* [Material to process]
== == ==

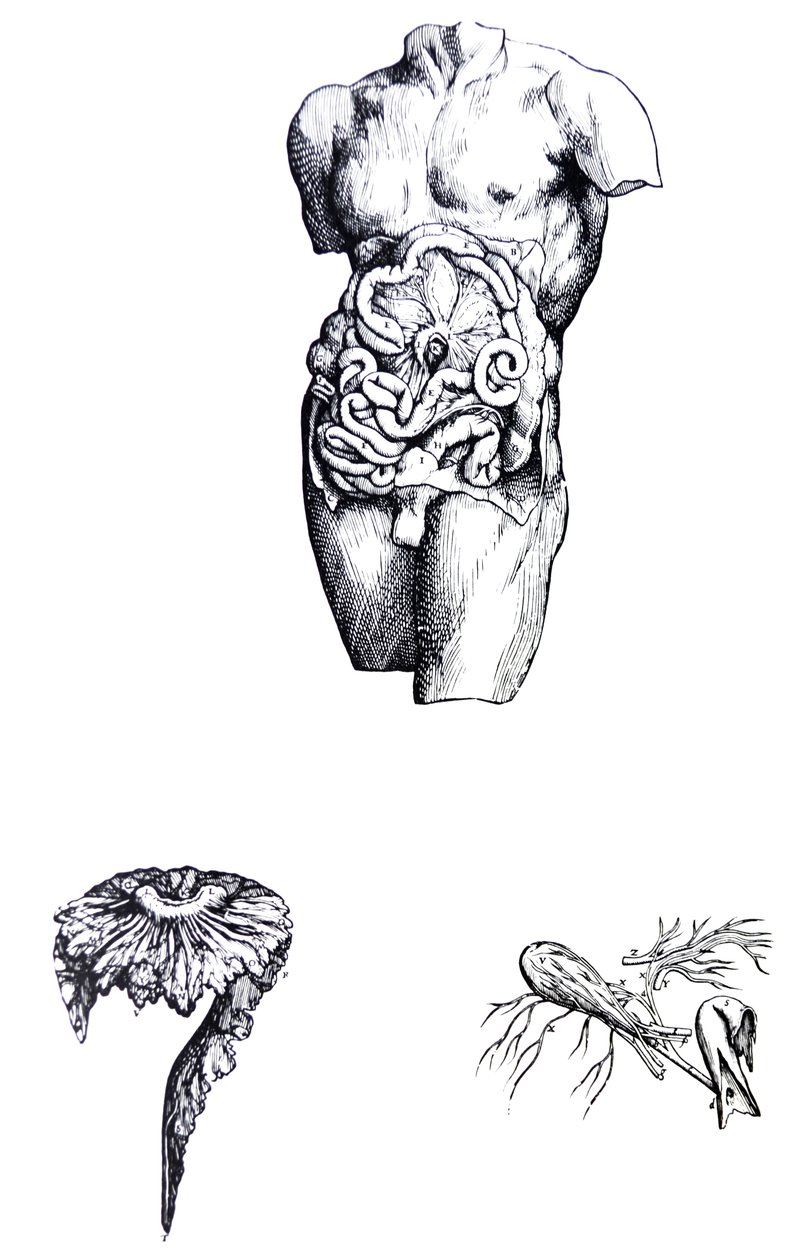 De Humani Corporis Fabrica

== == ==

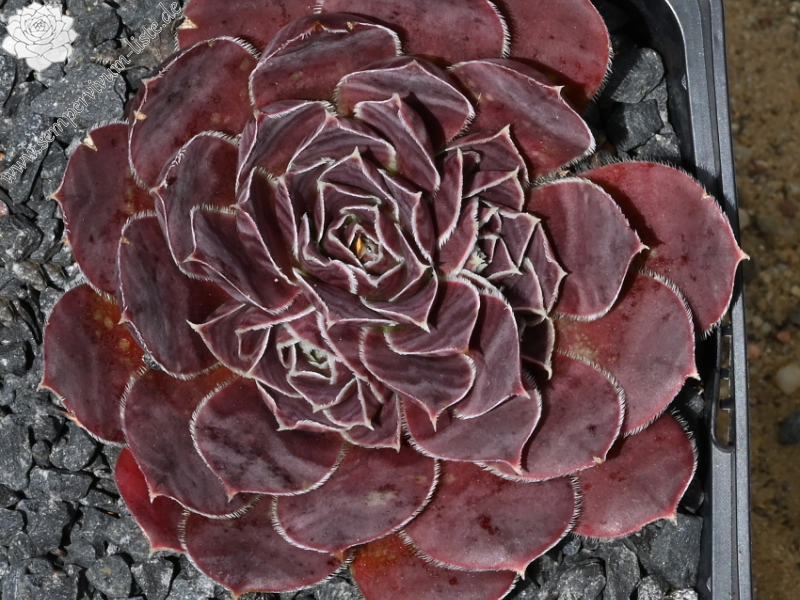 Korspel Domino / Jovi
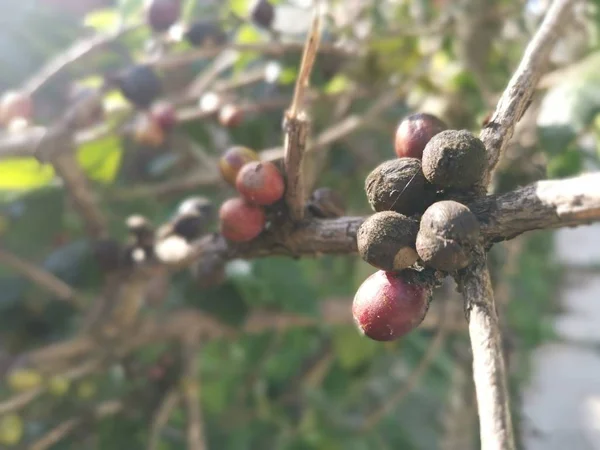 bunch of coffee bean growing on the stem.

== == ==

Pictures are to be left out. Write out only the lines above starting at the one with "Korspel Domino / Jovi" and ending at the one with "bunch of coffee bean growing on the stem.", both lines included, exactly.

* [Answer box]
 Korspel Domino / Jovi
 bunch of coffee bean growing on the stem.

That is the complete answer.